Tiktok Radikalisierung

Die Bildungsstätte Anne Frank fasst in ihrem Report #Nahostkonflikt die Beobachtungen relevanter Plattformen aus den ersten drei Monaten nach dem Terroranschlag in einer ad-hoc-Analyse zusammen.
Deborah Schnabel, Eva Berendsen: Die TikTok-Intifada – Der 7. Oktober & die Folgen im Netz. Analyse & Empfehlungen der Bildungsstätte Anne Frank, Bildungsstätte Anne Frank 2024
Zunächst wird Tiktok als Massenmedium vorgestellt. Die antisemitische Radikalisierung auf Tiktok seit dem 7. Oktober wird beschrieben.
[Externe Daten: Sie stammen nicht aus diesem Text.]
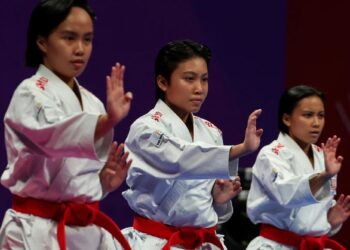 TRIO Lovelly Anne Robberth, Naccy Nelly Evvaferra Rojin dan Niathalia Sherawinnie Yampil menghadiahkan pingat perak buat Malaysia dalam acara kata berpasukan wanita pada Sukan Asia 2022 di Hangzhou. - BERNAMA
Die Hermeneutik des aktuellen Antisemitismus – Mainstreaming, Manichäismus, Dehumanisierung, Progressivistische Maskerade wird analysiert.
Besonders wichtig ist dabei die soziologische Analyse der Dialektik von Herrschaft, Manipulation und Intimität:“Eine Generation junger Menschen, die sich ihr Weltbild aus Videoschnipseln und Fetzen von Demagogie zusammengesetzt hat, wird bald in die Gesellschaft nachrücken, Einfluss nehmen, durch Wahlen und Abstimmungen Entscheidungen treffen. Eine Welle, auf die die Gesellschaft schlichtweg nicht vorbereitet ist. Die schon geschilderte „Intimität” macht die Plattform dabei nahezu unangreifbar für Kritik. TikTok ist auf mehrere Weisen intim: Die For-you-Seite vermittelt das Gefühl, verstanden zu werden und unter einer großen Zahl von Gleichgesinnten zu sein, die die wahre Natur der Dinge durchschaut haben – im Gegensatz zu Lehrkräften, Eltern etc. Hier gibt das Medium allein schon technisch, durch seine Anschmiegsamkeit an jugendliche Cocooning-Bedürfnisse und noch unabhängig von allen Inhalten den Takt vor. Gleichzeitig ist das öffentliche Sprechen über die Plattform sozial noch stark tabuisiert. Wer etwas auf TikTok sagt, hat es nicht in der „wirklichen Welt” gesagt – zu der gelegentlich immerhin Twitter und YouTube schon gehören. Politiker*innen, Journalist*innen, aber auch Pädagog*innen bewerten Videos nicht, kritisieren nicht. So entziehen sich Influencer*innen der Öffentlichkeit, werden niemals mit den Konsequenzen ihrer Radikalisierungsnarrative konfrontiert. Der Gegenwind, den sie verspüren, ist auf die Plattform selbst begrenzt – und bleibt daher selbst intim. Während das Medium das Weltwissen einer ganzen Generation prägt, wird es öffentlich verhandelt wie ein beliebiges Handyspiel.“

Siehe dazu auch: Vera Schroeder: Warum radikalisieren sich junge Menschen über Tiktok so schnell?, Süddeutsche Zeitung 08.02.2024 (hinter der Bezahlschranke)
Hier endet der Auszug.